Automatic annotation program
UniProt’s Automatic Annotation pipeline enhances the unreviewed records in UniProtKB by enriching them with automatic classification and annotation.
UniProt uses InterPro to classify sequences at superfamily, family and subfamily levels and to predict the occurrence of functional domains and important sites. InterPro integrates predictive models of protein function, so-called ‘signatures’, from a number of member databases. InterPro matches are automatically annotated to UniProtKB entries as database cross-references with every InterPro release.
UniProt has developed two prediction systems, UniRule and the Statistical Automatic Annotation System (SAAS) to automatically annotate UniProtKB/TrEMBL in an efficient and scalable manner with a high degree of accuracy:
- Based on rules
- Rules are created, tested and validated against published experimental data in UniProtKB/Swiss-Prot
- Rules are linked to InterPro member database signatures
- Rules have annotations and conditions
- Rules are reapplied to UniProtKB/TrEMBL every four-weekly release with both automatic and manual QA procedures ensuring they are still valid
Rules are devised and tested by experienced curators using experimental data from manually annotated entries as templates. The Unified Rule (UniRule) system is being developed by merging existing manual rule-based systems (HAMAP, PIR name and site rules, and RuleBase rules) into one system which stores, applies, and evaluates all rules. Although originally developed independently, these rule systems all share a common scientific approach of using protein family membership coupled with additional evolutionary and sequence analysis to accurately identify and annotate protein sequences. UniRule rules can annotate protein properties such as the protein name, function, catalytic activity, pathway membership, and subcellular location, along with sequence specific information, such as the positions of post-translational modifications and active sites. All predictions are refreshed with each UniProtKB release to ensure the latest state-of-knowledge predictions.

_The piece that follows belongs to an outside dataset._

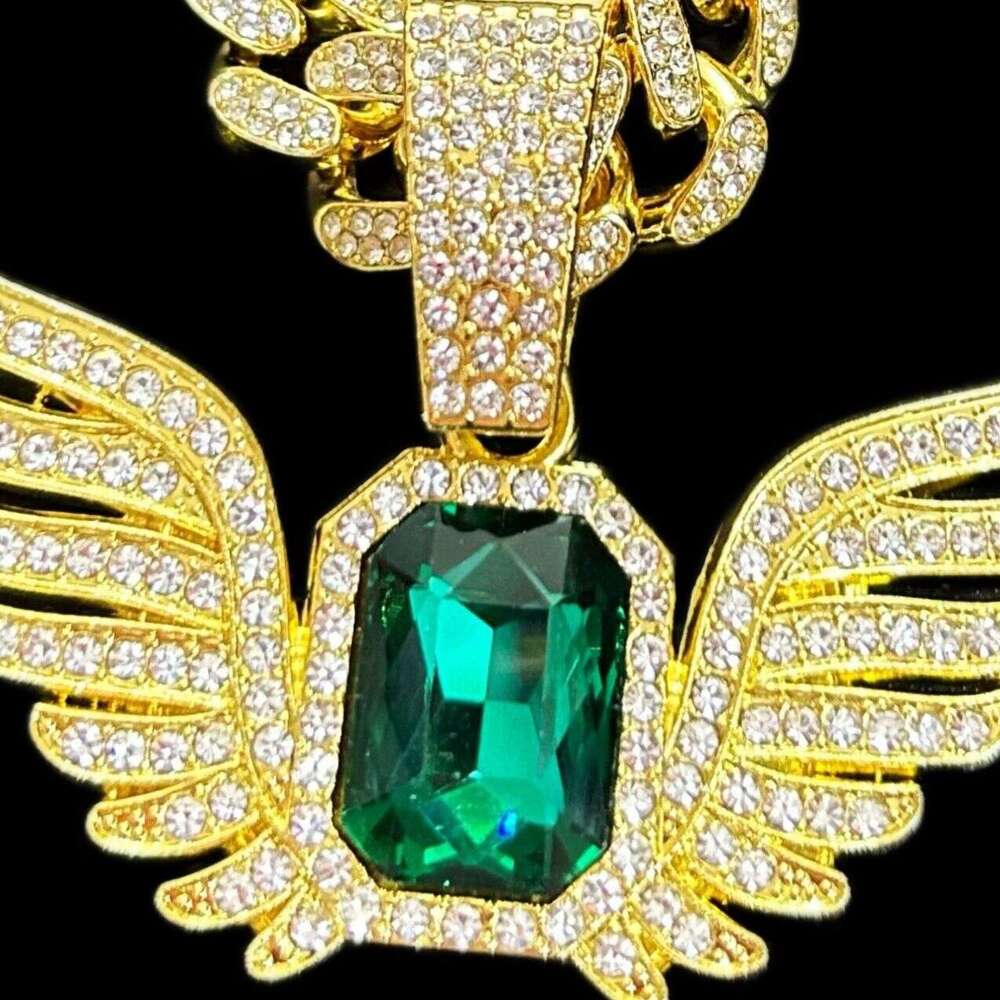 Gold-Edged Green Winged Stone Pendant, Full Diamond Cuban Chain Alloy Necklace, Hip-Hop, European And American Style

SAAS generates automatic rules for functional annotation from expertly annotated entries in UniProtKB/Swiss-Prot using the C4.5 decision tree algorithm. This algorithm uses machine learning to find the most concise rule for an annotation based on the properties of sequence length, InterPro group membership and taxonomy. SAAS employs a data exclusion set that censors data not suitable for computational annotation (such as specific biophysical or chemical properties) and generates human-readable rules for each release. SAAS rules can annotate protein properties such as function, catalytic activity, pathway membership, and subcellular location, but protein names and feature predictions are currently excluded. Generating rules on-the-fly in this way allows rules to evolve along with the content of UniProtKB with little or no manual intervention. It also provides a constant supply of potential “seed rules” which can be further developed by the curators into UniRules.